Preventing the collapse of the banking system was absolutely imperative. If banks had gone bankrupt the knock on effect in the rest of the economy would have been dreadful. We would not be in a difficult recession but a deep slump.
Everyone arguing for government support for this or that initiative now routinely says that if ministers could find money for the <insert rude adjective of choice> bankers, then they should also back their much worthier cause. This argument is not just good rhetoric as it also captures a real change in the political weather that now allows – and even expects – government to use its powers rather than leave it to the market. But even so the consequences of not bailing out the banks would be much further up the Richter scale of economic catastrophe than failing to help other sectors (though that’s not to say that should not happen.)

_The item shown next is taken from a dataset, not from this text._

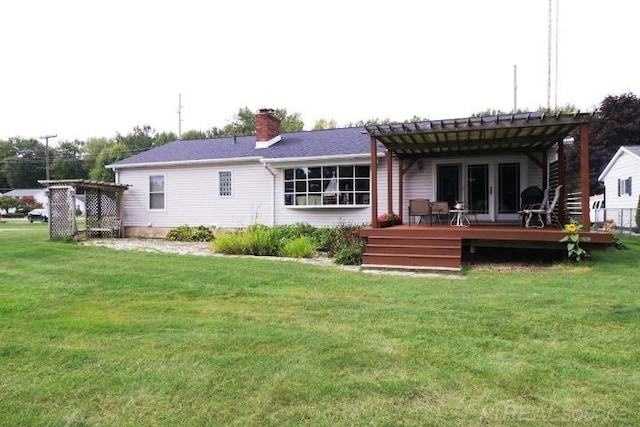 rear view of house with a deck, a yard, and a pergola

It seems however that the government has not got this across to most people. It underlines my earlier argument for a better political narrative about the recession from government.
Banks are understandably unpopular. They have never been the most liked institutions in the UK, but even people who do not follow Robert Peston’s every report know that they are in some way the main architects of the recession. It is not that surprising to learn that people instinctively dislike giving them public money – and indeed I suspect at least a few people will have told pollsters that they don’t support the bail-out to register this, even though they would accept it was necessary and inevitable.
What would help is a better sense of what the banking system should look like in the future even when we are through the worst of the recession. Any sense that taxpayers are supporting the banks so that they can go back to acting in the way that they used to, perhaps with a few of the rough edges taken off, will not work. Banking needs root and branch reform.
Lord Myners has begun to do this – perhaps because he moves in the financial world he is less deferential than some ministers who are still terrified of appearing anti-business. (See Tom P’s commentary too.) But it cannot be left to him.
As Nick Palmer MP says on the Labourlist blog:
But it’s not just jobs, it’s culture too. For the first time since the Thatcher years, I think there is now an absolute majority of voters who sympathise with the basic social democratic proposition, that too much competition and too much acquisitive greed destroys the soul of our society. If we set out a coherent picture of a more cooperative, more ethical Britain – even if it means that in good times the most successful of us get a little less spectacularly rich – we will find an echo in the electorate. And if that means admitting that we’ve acquiesced a little too much in the culture of greed that we inherited from Thatcher – well, people will appreciate that too.
Politicians find self-criticism really hard. And journalists love u-turn stories. But I suspect voters rather appreciate them, especially when accompanied with convincing policies that demonstrate change.